A red-faced village cricket team have blamed a "dodgy wicket" after 10 of their batsmen were out for a duck and the last man was left stranded on nought.
Goldsborough 2nds went into bat against table-topping Dishforth in North Yorkshire's Nidderdale Amateur League knowing they would be in for a tough game.
But they expected at least one of their batsmen to trouble the scorers.
Goldsborough did escape the ignominy of finishing their innings on zero, thanks to five extras from the generous Dishforth bowlers, who removed their opponents inside 12 overs.
They were also spared the title of English cricket's worst-ever side, thanks to Midlands team Shepstone, who were all out for four extras in 1931.
Goldsborough chairman Henry Webster did his best to defend his players, saying: "It was a very, very dodgy wicket.
"When Dishforth came in to bat, they only needed six but they were 0 for two at one point - and we dropped two catches as well. It could have been nought for four."
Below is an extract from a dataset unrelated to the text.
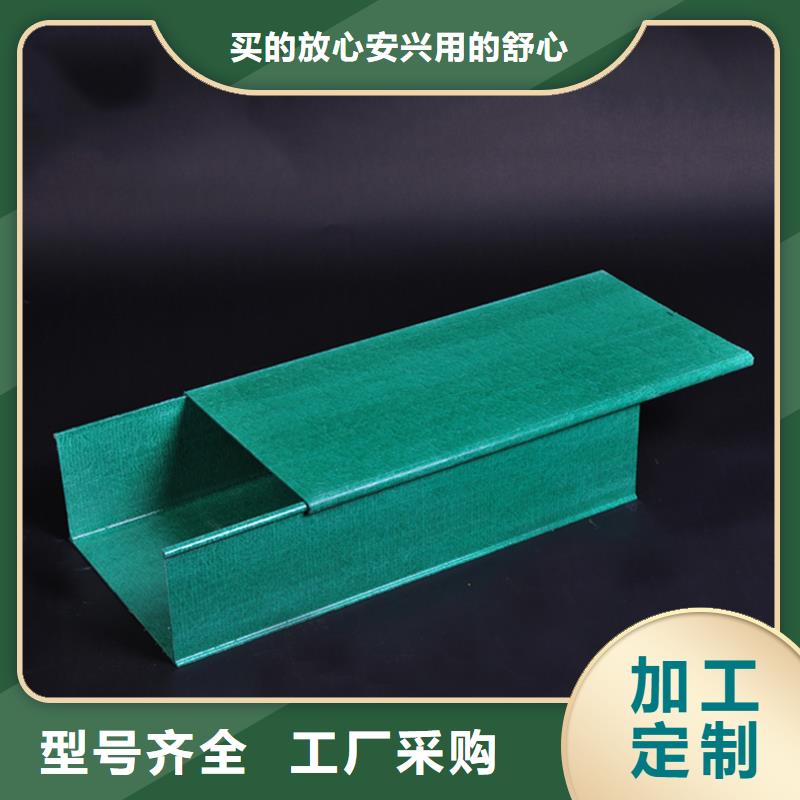 电缆桥架镀锌电缆桥架厂家拥有先进的设备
What he failed to mention was that Dishforth put their worst batsmen in first to try to give their beleaguered rivals a sporting chance - taking seven balls to wrap up an eight-wicket win.
Goldsborough captain Peter Horseman was a little more realistic, admitting: "It was surreal and embarrassing.
It's not something we're proud of but we have to look on the funny side of it
Goldsborough chairman Henry Webster
"We almost got a run but the batsman turned it down because he'd just been hit on the foot the ball before."
Horseman's opposite number, Steve Wilson said: "If I hadn't seen it I wouldn't have thought it was possible."
Gavin Hardisty was the pick of the Dishforth bowlers, finishing with figures of 7-0, while Gary Lawson was the game's top scorer with five.
Chairman Webster refused to be disheartened by the performance, adding: "This team were 210-2 a few weeks ago. They can bat. One of the players hit 109 not out. They really are not that bad.
"It's not something we're proud of but we have to look on the funny side of it."
And England thought they had problems.